Want To Know Why Newspapers Are Dying? Maureen Dowd Shows Us
from the physician-heal-thyself dept
In her recent New York Times op-ed, Maureen Dowd takes aim at Google, blaming it for the sorry state of the newspaper industry. Perhaps in hopes of winning people over to the newspapers' side in the argument over how much Google should be profiting from their content, Dowd spends a lot of the article attempting to make the reader fear Google, trying to paint the company as anti-privacy and bent on "world domination."But there is a vaguely ominous Big Brother wall in the lobby of the headquarters here that scrolls real-time Google searches -- porn queries are edited out -- from people around the world. You could probably see your own name if you stayed long enough. In one minute of watching, I saw the Washington association where my sister works, the Delaware beach town where my brother vacations, some Dave Matthews lyrics, calories Panera, females feet, soaps in depth and Douglas Mangum, whoever he is.The uselessness of this statement is hard to overstate. If you stayed long enough you'd see your name? She saw the names of places where her sister works and her brother vacations? Ever look at a phone book or a map, Maureen? All she was seeing was evidence that people are looking for information.

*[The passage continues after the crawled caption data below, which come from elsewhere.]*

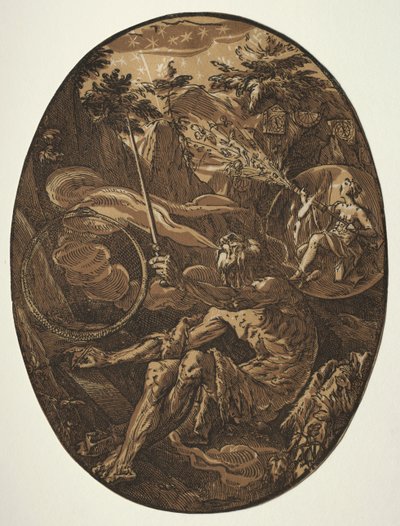 Demogorgon ikuisuuden luolassa, n. 1588. tekijältä Hendrik Goltzius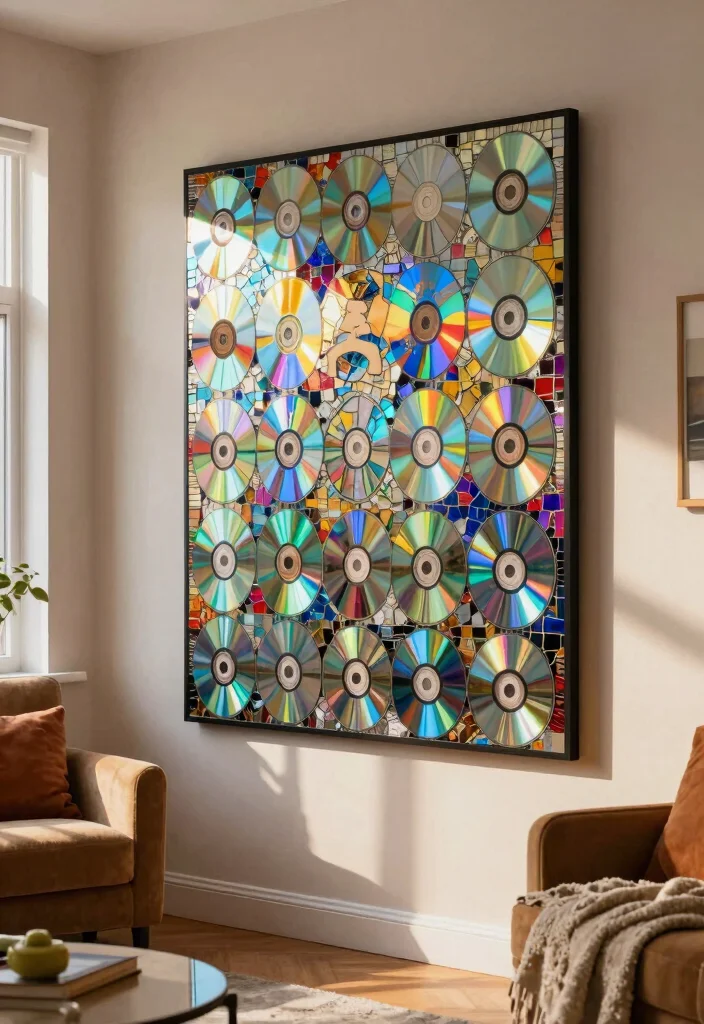 14 Craft Ideas from Waste Materials: Creative Recycling for Eco-Friendly Home Decor - 8. CD Mosaic Art: Reflective Masterpieces 1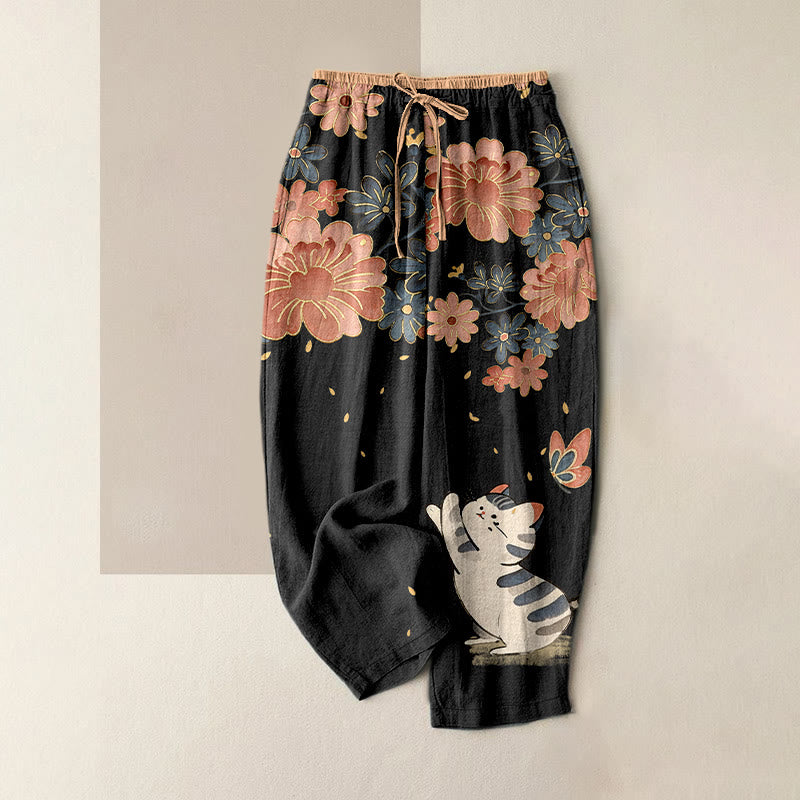 Buddha Stones Pure Cotton Cat Butterfly Pink Blossom Pattern Women's Elastic Waist Pants With Pockets - Black - US16,UK/AU20,EU48 (3XL) - image 0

And that is where Google adds value: it helps to connect people with the information they want. If Dowd would just pause the dramatics long enough, maybe she would recognize that this concept sounds very familiar. Just like newspapers have always done, Google tries to find information that its users want, and deliver it to them in a way that is useful -- and news stories are just one example of what people want Google to find for them. Dowd quotes Rupert Murdoch calling what Google does "stealing." But, Google is no more "stealing" the information to which it links than newspapers steal the events on which they report. It does not take much thinking to see the parallels. But hey, why take time to think when you can engage in some juicy fear-mongering and hyperbole?
Like many others, Dowd also makes the mistake of equating the decline of newspapers with the end of journalism, ignoring the evidence that says this is simply not true. We've already pointed out examples of how journalism can not only survive but thrive apart from physical newspapers. Newspapers were valuable when they were the most convenient, useful way to deliver the news. The content itself was always practically free. But the value of the content was used draw eyeballs to ads -- to give advertisers paid access to the community of readers. With the newspaper format now dying, entrepreneurs will find new ways to leverage the still-existent value of the free content to sell something scarce.
Fear-mongering, making misleading statements, ignoring evidence, not understanding your own business -- it's ironic that, while attempting to blame others for the woes of her own industry, Dowd makes so many of the mistakes that are really contributing to its decline.